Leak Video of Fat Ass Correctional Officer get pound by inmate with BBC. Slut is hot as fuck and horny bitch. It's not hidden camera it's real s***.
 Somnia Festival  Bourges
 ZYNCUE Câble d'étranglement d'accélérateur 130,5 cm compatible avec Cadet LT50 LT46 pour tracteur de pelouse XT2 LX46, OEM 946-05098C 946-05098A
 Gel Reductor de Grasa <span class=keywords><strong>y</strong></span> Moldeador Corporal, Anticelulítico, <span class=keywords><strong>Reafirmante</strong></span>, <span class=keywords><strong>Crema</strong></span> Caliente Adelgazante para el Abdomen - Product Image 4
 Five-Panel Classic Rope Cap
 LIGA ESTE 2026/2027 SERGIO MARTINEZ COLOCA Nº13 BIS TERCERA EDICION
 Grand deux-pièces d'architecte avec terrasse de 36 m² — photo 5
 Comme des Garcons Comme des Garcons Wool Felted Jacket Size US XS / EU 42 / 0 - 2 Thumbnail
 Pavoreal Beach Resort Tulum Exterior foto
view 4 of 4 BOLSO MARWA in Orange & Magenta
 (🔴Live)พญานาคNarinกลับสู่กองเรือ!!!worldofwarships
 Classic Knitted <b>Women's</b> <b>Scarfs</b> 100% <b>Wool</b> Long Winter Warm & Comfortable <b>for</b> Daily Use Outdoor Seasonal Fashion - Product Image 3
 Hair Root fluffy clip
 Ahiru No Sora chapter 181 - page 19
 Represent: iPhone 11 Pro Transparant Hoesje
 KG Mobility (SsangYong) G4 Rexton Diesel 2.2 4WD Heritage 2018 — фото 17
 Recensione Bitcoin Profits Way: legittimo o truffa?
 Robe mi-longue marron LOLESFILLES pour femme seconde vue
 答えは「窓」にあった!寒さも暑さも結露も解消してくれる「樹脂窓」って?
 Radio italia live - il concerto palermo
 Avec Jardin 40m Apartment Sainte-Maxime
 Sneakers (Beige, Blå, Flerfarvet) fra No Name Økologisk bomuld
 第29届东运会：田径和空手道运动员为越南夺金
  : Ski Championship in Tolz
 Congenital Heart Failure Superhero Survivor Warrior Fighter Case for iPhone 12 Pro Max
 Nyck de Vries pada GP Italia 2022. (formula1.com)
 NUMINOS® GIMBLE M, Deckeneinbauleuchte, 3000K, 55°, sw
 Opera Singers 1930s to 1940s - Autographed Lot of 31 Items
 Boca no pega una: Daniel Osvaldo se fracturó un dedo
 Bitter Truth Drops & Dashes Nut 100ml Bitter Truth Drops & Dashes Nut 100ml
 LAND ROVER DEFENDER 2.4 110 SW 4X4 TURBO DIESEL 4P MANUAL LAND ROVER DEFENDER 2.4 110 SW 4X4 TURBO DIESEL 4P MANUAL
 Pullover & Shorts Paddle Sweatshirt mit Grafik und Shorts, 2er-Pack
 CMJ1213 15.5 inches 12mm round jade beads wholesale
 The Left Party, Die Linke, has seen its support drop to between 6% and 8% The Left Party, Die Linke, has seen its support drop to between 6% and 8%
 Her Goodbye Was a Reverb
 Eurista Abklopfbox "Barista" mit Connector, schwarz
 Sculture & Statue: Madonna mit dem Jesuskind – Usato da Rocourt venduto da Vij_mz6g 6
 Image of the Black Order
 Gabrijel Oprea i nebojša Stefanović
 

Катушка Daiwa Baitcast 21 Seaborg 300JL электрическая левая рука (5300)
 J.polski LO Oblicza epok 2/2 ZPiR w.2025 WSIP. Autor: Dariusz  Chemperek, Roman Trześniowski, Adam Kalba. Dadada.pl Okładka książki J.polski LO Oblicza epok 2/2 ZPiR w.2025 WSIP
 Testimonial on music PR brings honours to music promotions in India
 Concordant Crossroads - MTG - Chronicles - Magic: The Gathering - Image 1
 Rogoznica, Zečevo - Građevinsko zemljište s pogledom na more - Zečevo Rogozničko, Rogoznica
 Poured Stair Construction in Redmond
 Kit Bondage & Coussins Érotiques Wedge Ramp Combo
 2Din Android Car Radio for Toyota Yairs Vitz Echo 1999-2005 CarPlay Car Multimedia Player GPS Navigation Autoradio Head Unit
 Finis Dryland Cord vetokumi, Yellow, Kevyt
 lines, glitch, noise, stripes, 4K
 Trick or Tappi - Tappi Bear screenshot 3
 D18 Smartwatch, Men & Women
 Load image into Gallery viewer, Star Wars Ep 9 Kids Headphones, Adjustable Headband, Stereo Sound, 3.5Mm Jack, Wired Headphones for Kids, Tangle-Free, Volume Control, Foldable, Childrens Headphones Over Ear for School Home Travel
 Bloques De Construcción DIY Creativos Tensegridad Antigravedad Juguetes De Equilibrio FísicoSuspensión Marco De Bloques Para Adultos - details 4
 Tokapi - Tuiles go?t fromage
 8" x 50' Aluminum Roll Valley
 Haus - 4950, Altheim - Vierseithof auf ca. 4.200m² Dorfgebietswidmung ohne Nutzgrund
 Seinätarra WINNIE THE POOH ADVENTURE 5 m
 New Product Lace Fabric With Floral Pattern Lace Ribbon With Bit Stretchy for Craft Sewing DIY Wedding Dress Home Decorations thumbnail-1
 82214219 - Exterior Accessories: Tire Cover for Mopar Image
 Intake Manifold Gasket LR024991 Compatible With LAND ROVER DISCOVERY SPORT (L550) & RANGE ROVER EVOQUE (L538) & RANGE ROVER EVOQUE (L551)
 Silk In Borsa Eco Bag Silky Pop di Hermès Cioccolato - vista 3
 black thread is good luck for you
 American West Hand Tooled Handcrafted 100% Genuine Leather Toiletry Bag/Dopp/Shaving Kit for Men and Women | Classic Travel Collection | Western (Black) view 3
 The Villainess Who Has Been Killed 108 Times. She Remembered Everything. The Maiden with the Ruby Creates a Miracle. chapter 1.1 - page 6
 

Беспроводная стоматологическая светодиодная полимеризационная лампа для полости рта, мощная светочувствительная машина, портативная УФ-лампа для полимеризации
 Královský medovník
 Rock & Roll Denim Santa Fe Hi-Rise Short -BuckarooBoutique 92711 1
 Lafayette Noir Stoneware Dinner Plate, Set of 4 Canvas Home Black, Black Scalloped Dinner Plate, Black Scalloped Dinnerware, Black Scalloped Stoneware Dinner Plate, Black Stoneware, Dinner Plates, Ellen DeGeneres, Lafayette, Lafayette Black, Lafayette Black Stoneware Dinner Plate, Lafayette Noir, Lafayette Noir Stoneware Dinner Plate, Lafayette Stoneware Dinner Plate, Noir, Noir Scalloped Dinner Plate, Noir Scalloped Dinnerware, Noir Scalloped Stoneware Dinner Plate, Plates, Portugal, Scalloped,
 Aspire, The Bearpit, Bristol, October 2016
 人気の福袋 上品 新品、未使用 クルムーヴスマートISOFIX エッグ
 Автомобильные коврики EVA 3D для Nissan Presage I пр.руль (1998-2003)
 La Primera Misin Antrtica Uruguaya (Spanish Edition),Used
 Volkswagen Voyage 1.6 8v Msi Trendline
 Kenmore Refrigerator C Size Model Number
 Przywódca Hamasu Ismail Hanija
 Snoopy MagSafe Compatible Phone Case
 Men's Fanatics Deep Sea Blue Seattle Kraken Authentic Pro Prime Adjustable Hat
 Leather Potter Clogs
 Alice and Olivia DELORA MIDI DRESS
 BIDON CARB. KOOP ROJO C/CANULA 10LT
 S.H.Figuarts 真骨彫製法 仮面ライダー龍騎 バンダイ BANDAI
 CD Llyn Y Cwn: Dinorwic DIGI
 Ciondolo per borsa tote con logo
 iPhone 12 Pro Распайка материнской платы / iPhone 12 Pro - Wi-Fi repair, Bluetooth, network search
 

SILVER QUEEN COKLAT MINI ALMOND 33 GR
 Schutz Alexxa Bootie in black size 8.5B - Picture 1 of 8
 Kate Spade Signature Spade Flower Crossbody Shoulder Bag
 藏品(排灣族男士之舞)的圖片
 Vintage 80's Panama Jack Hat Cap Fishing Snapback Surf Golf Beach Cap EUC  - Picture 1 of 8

→ **Task prompt**: Using the records above, work out the number of lines that contain "ROVER" and write only that number.

→ **Result**: 2